■ **TASK REQUIREMENTS**:
Your copy of the entries below should hold exactly the lines from the one containing "2019 Hermes original" to the one containing "Cowboy Fringe Mask", inclusive, and no pictures.

■ **LISTED ENTRIES**:
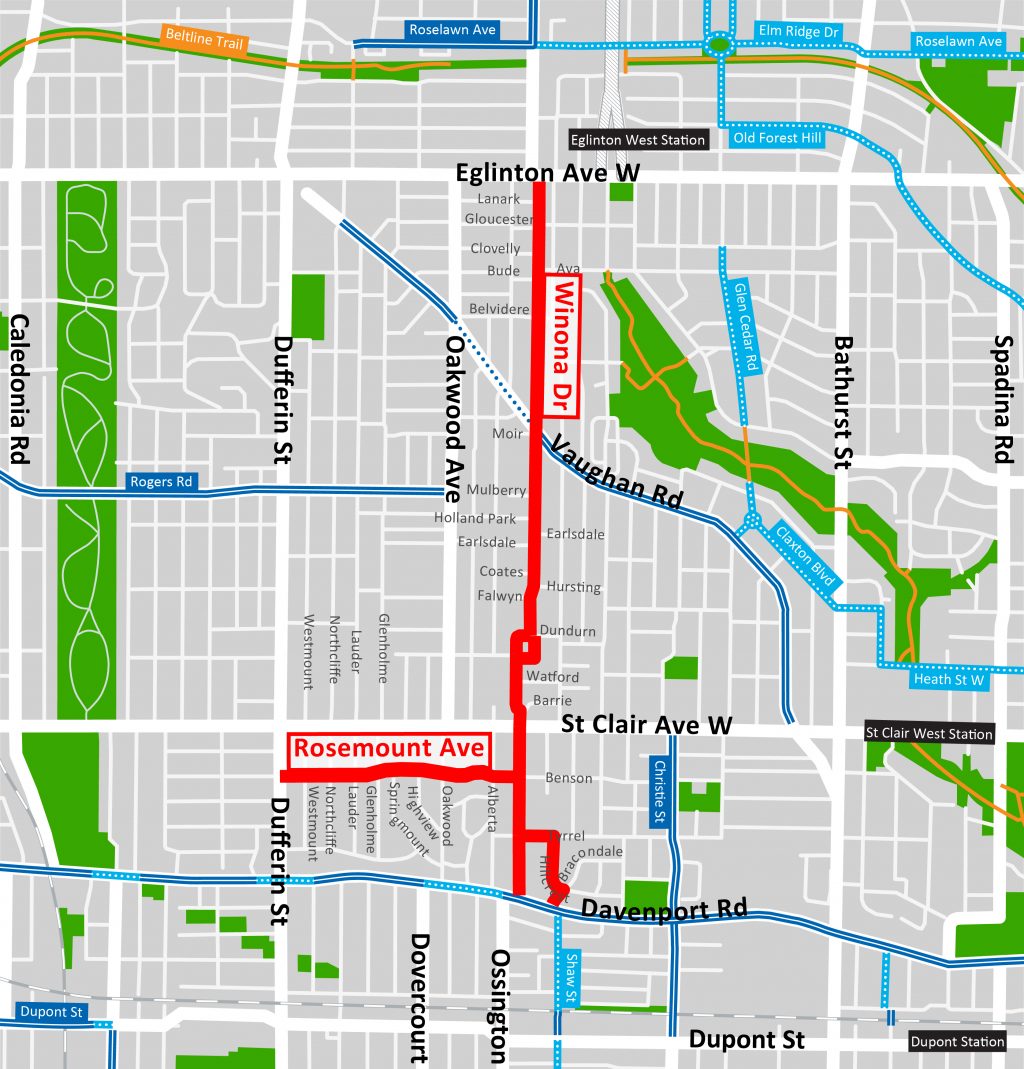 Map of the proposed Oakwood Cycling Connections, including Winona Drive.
--
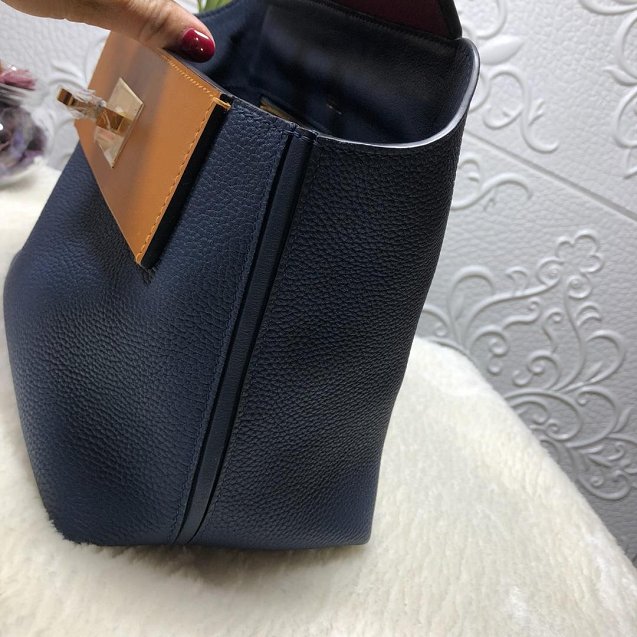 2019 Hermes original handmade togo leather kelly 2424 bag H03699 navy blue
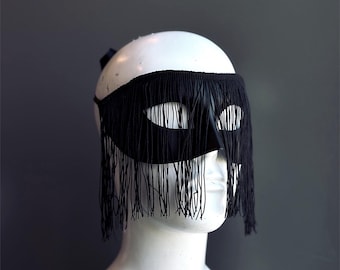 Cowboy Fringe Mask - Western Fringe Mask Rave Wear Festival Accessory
* * *
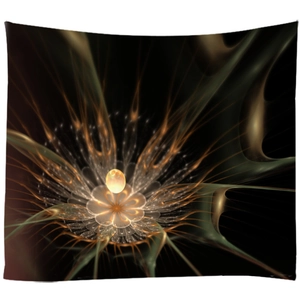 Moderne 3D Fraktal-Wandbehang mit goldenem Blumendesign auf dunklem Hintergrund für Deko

■ **OUTPUT FOR THIS EXERCISE**:
 2019 Hermes original handmade togo leather kelly 2424 bag H03699 navy blue
 Cowboy Fringe Mask - Western Fringe Mask Rave Wear Festival Accessory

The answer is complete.